YONKERS — In a surprise shakeup at City Hall, Mayor Mike Spano is replacing his 2012 pick for inspector general with one of the city’s in-house attorneys.
Spano announced his nomination Monday of Yonkers Deputy Corporation Counsel Brendan McGrath to replace Kitley Covill as inspector general, the city’s top internal watchdog, tasked with rooting out waste, fraud and abuse by public officials.
Covill said Monday she’d hoped to continue in the position longer and was surprised by the mayor’s decision.
“I don’t know why,” she said of Spano’s move to replace her. “It was a very short conversation I had with the mayor. There’s a preference for Yonkers residents.”
In announcing his nomination of Covill in spring 2012, Spano had touted the Katonah resident as a City Hall outsider who would bring a fresh perspective to Yonkers — a city then reeling from high-profile corruption scandals.
Covill replaced then-outgoing Inspector General Dan Schorr, who left for a consulting job in 2012.

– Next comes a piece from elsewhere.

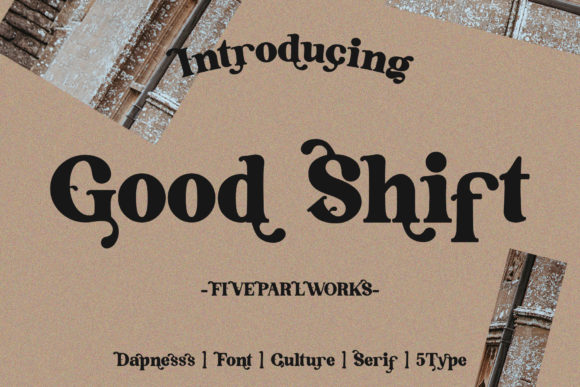 Good Shift: A Bold Serif Font for Modern Web Design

Spano’s new nominee, McGrath, is a long-time Yonkers resident who previously served as Deputy Westchester County Clerk as well as counsel to both the Westchester County Attorney’s Office and state Assembly.
McGrath, a Democrat, lost a 2005 bid for the county Legislature seat held by Republican Gordon Burrows of Yonkers.
“It’s important that this position be filled by someone like Brendan who is highly qualified and from Yonkers,” Spano said in a statement Monday in which he thanked Covill for her service.
“Brendan brings a career of dedicated service on behalf of Yonkers at the state, county and city levels of government,” Spano continued. “(He) will be a great asset in protecting the best interests of our city as inspector general.”
McGrath lives in Yonkers with his wife and two children, and is a member of numerous civic and community organizations, the mayor’s office said.
In a statement, McGrath said the mayor “understands that this office will work independently and impartially to ensure fiscal responsibility and transparency in the city of Yonkers — while also working to enforce the legal and ethical standards that the public servants of the city … are duty-bound to uphold.”
McGrath’s nomination requires confirmation by the City Council in the coming weeks.
The inspector general’s annual salary is $161,132.
Covill’s tenure included probes of the city’s administration of two troubled, economic-development loan programs. She first made headlines in summer 2012 by publicly rebuking the school board for approving a contract extension for the superintendent without adequate notice, prompting the board to rescind the agreement and pass a two-year extension.
In March, Covill briefly bumped heads with the mayor after her investigation of the Department of Public Works found personnel problems including absenteeism, timecard inaccuracies and nepotism. Spano said at the time that it was unfair to “indict” the entire department based on the conduct of a few wayward employees whom, he noted, had already been disciplined or fired.